◆ EXERCISE BRIEF: The entries below should be quoted exactly, with no pictures carried over.

◆ RECORDS SHOWN:
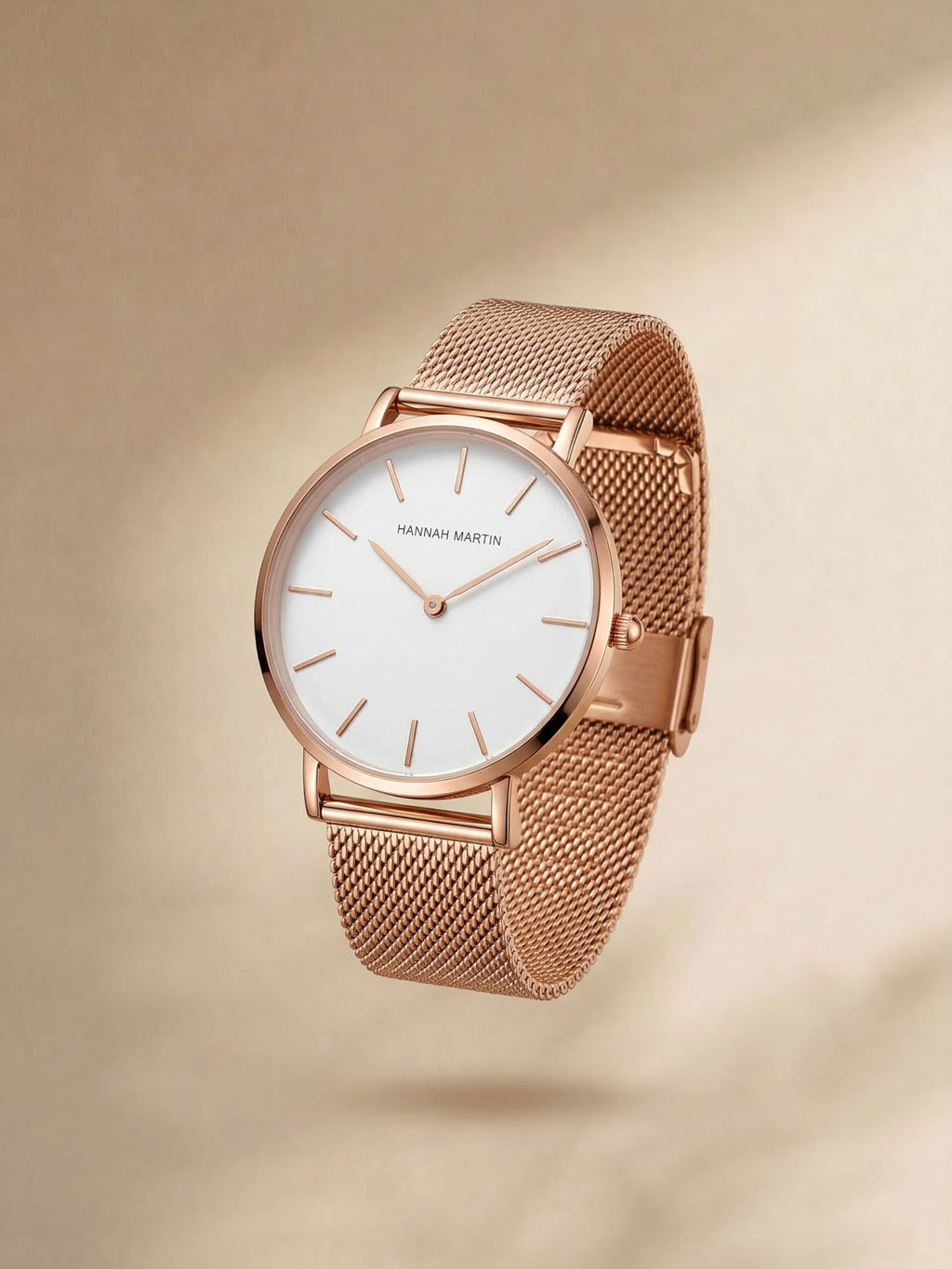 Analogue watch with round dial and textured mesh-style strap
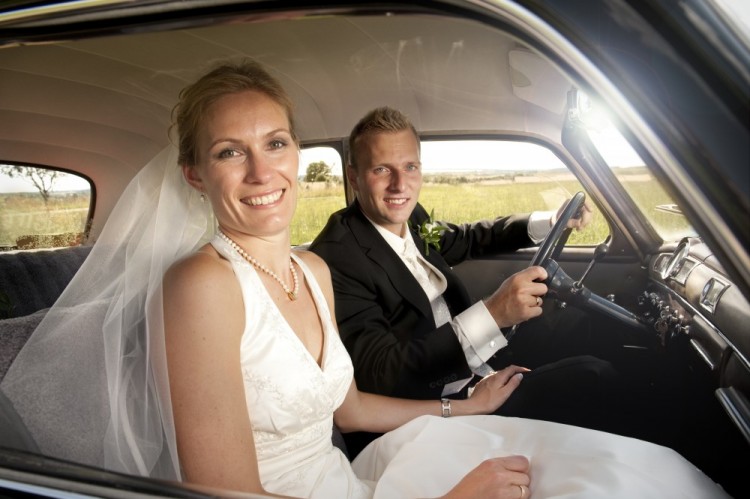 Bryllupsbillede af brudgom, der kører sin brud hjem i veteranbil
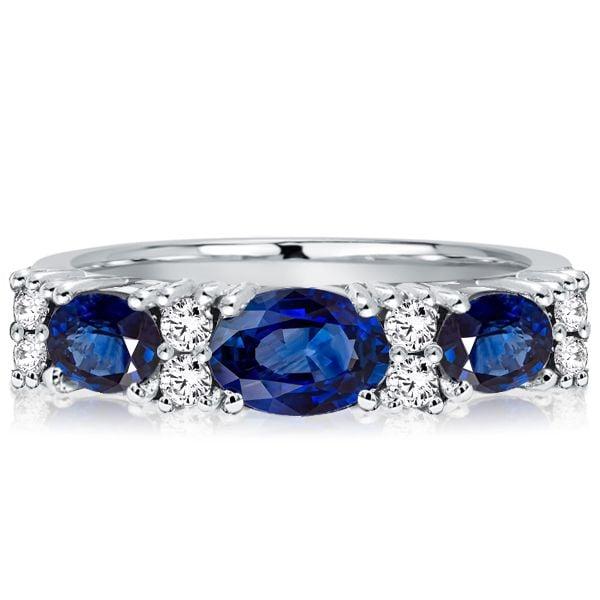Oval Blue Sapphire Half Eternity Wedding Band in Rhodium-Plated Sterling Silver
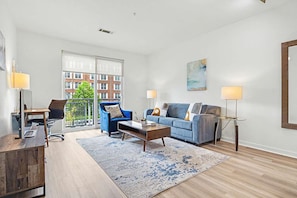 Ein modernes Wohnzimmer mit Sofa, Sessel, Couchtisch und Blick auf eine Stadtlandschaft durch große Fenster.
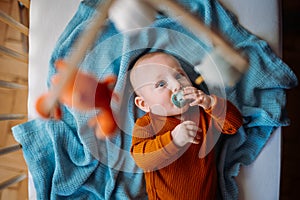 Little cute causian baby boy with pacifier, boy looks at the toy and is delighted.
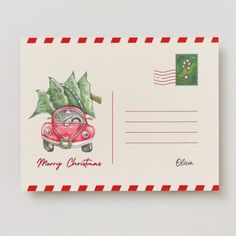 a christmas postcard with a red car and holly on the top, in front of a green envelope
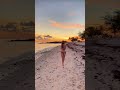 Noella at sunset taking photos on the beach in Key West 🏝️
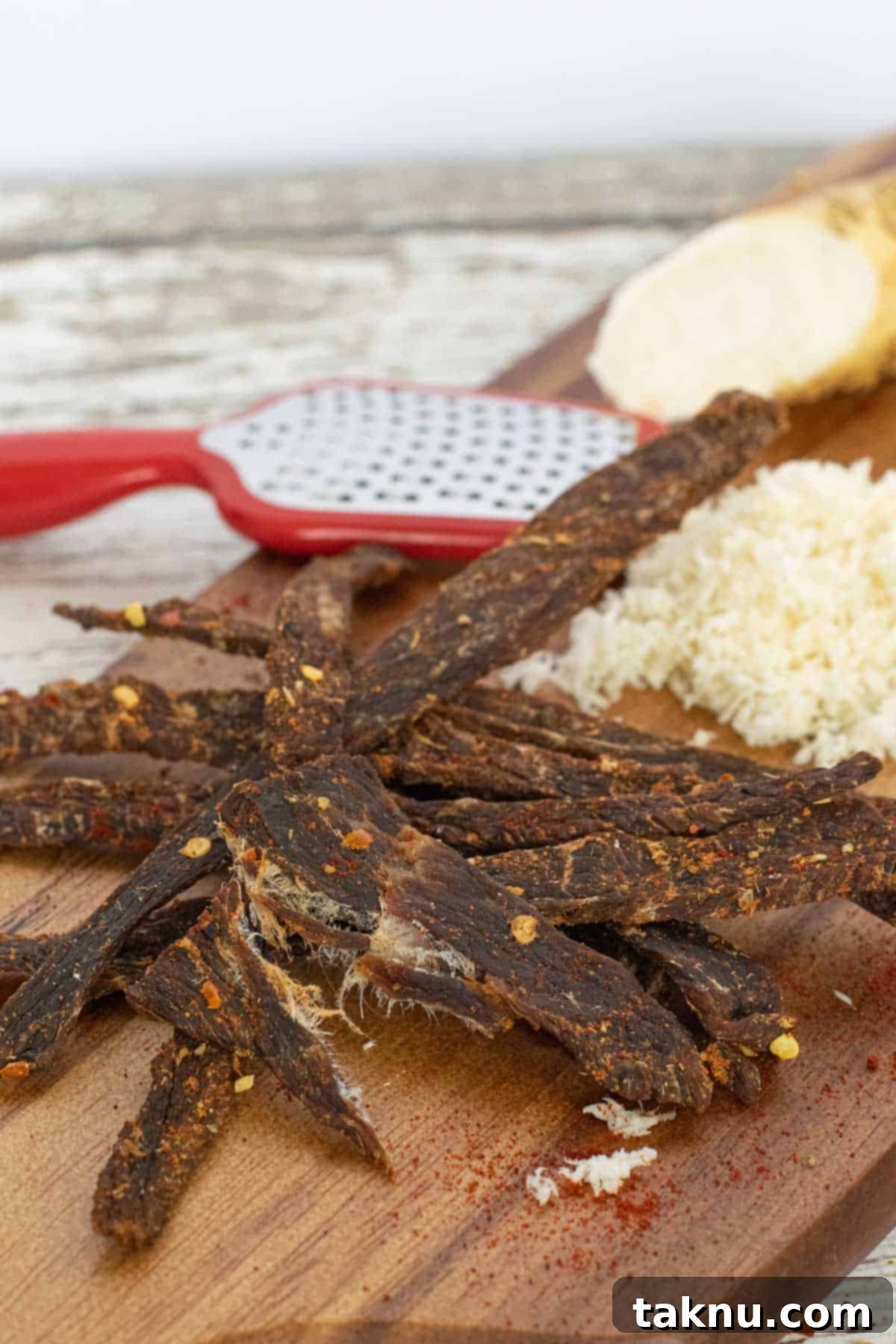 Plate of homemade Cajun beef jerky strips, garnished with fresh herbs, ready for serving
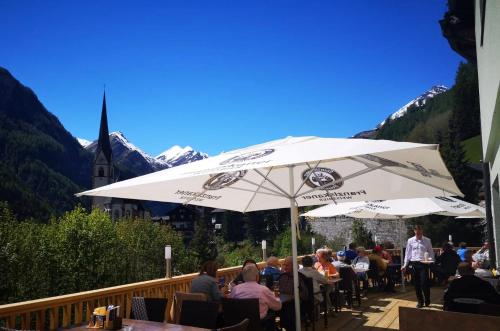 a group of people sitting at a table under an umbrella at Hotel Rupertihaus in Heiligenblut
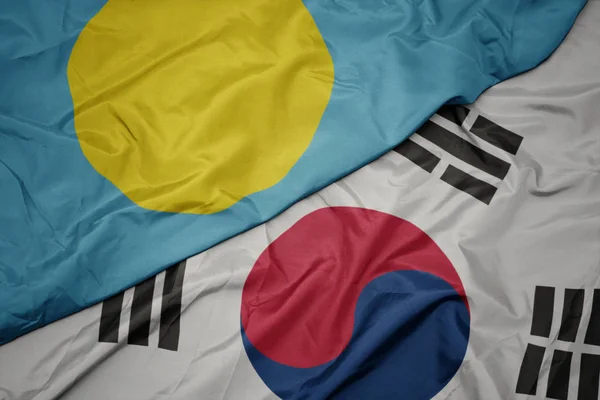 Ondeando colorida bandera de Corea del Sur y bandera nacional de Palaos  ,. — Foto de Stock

◆ EXERCISE ANSWER:
 Analogue watch with round dial and textured mesh-style strap
 Bryllupsbillede af brudgom, der kører sin brud hjem i veteranbil
Oval Blue Sapphire Half Eternity Wedding Band in Rhodium-Plated Sterling Silver
 Ein modernes Wohnzimmer mit Sofa, Sessel, Couchtisch und Blick auf eine Stadtlandschaft durch große Fenster.
 Little cute causian baby boy with pacifier, boy looks at the toy and is delighted.
 a christmas postcard with a red car and holly on the top, in front of a green envelope
 Noella at sunset taking photos on the beach in Key West 🏝️
 Plate of homemade Cajun beef jerky strips, garnished with fresh herbs, ready for serving
 a group of people sitting at a table under an umbrella at Hotel Rupertihaus in Heiligenblut
 Ondeando colorida bandera de Corea del Sur y bandera nacional de Palaos  ,. — Foto de Stock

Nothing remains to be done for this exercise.